## What you will do
Please reproduce exactly, and only, the lines from the one with "9' Patio LED Solar Umbrella with Crank-Blue" through the last line of the listing below, both ends included, leaving out the pictures.

## Data section
%%

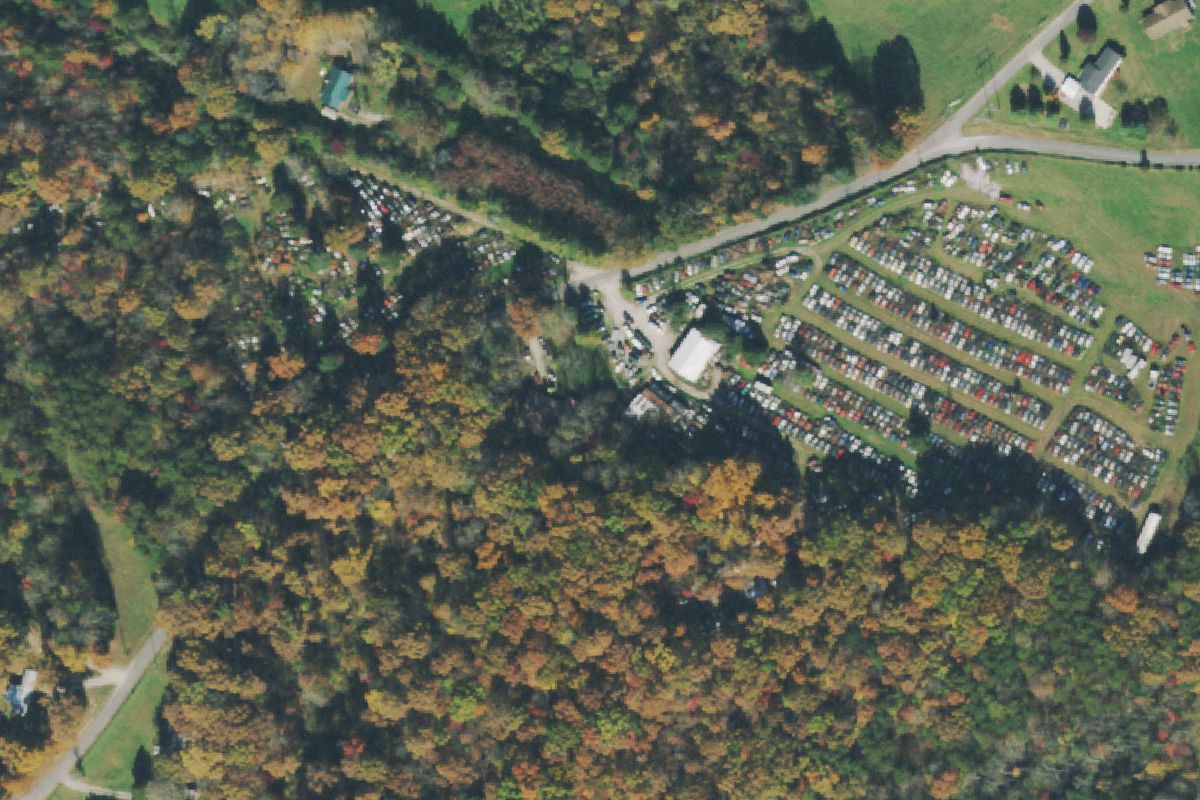 Aerial photo of Mahan's Auto Salvage
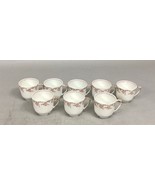 Set Of 8 Elite Works Higgins &amp; Seiter NY Limoges France Pink Floral Tea ... - $24.74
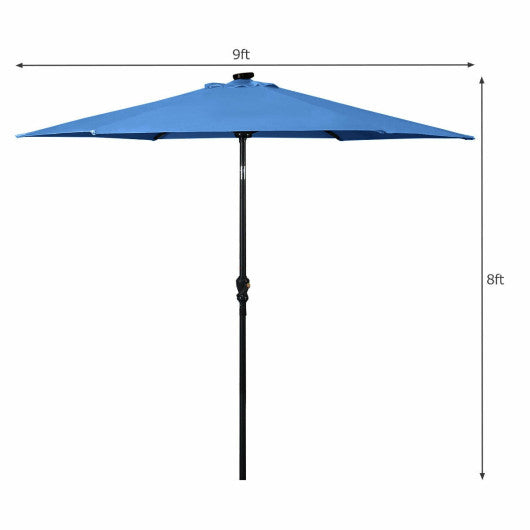 9' Patio LED Solar Umbrella with Crank-Blue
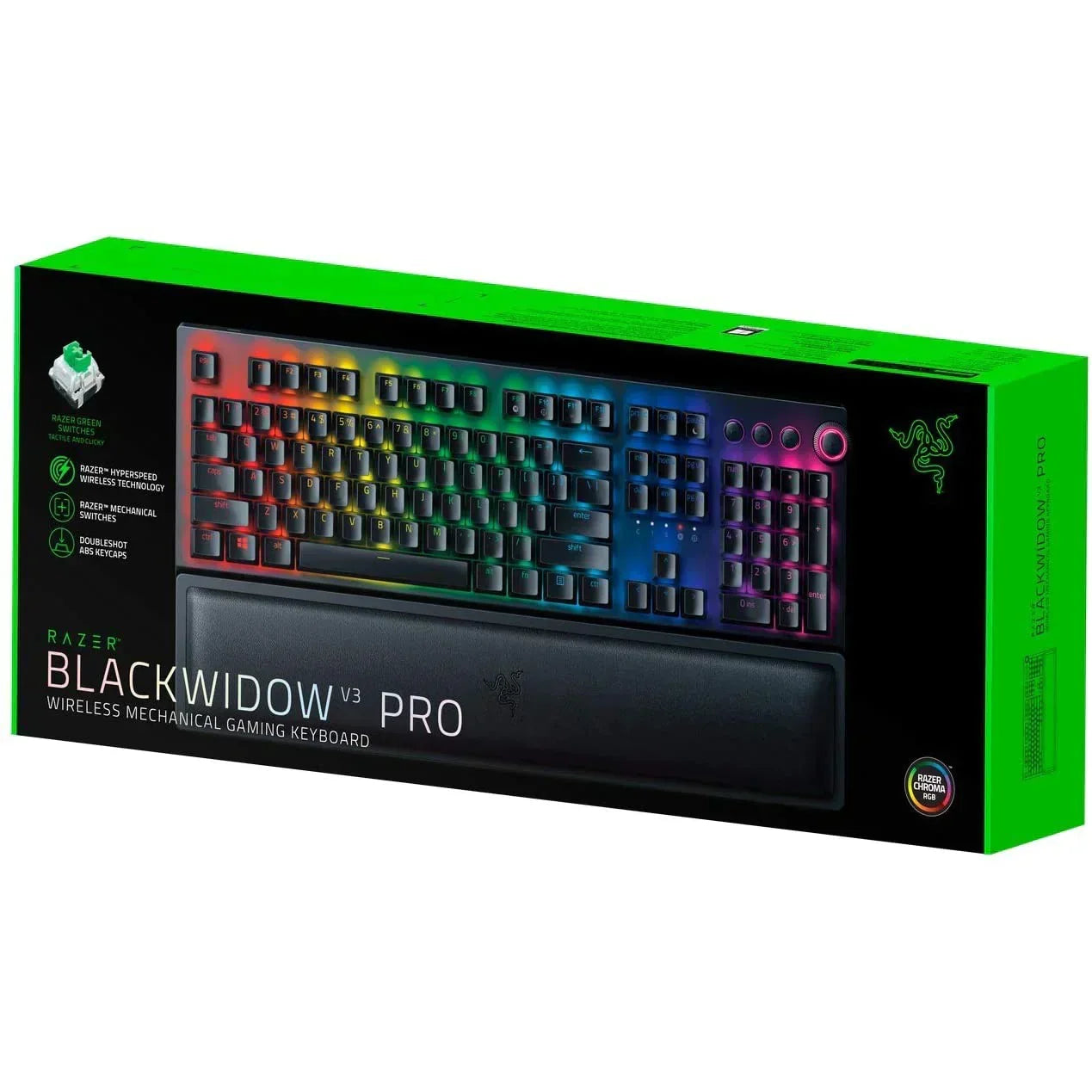 Razer blackwidow v3 pro mechanical wireless gaming keyboard: green mechanical switches - keyboards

%%

## Answer below
 9' Patio LED Solar Umbrella with Crank-Blue
 Razer blackwidow v3 pro mechanical wireless gaming keyboard: green mechanical switches - keyboards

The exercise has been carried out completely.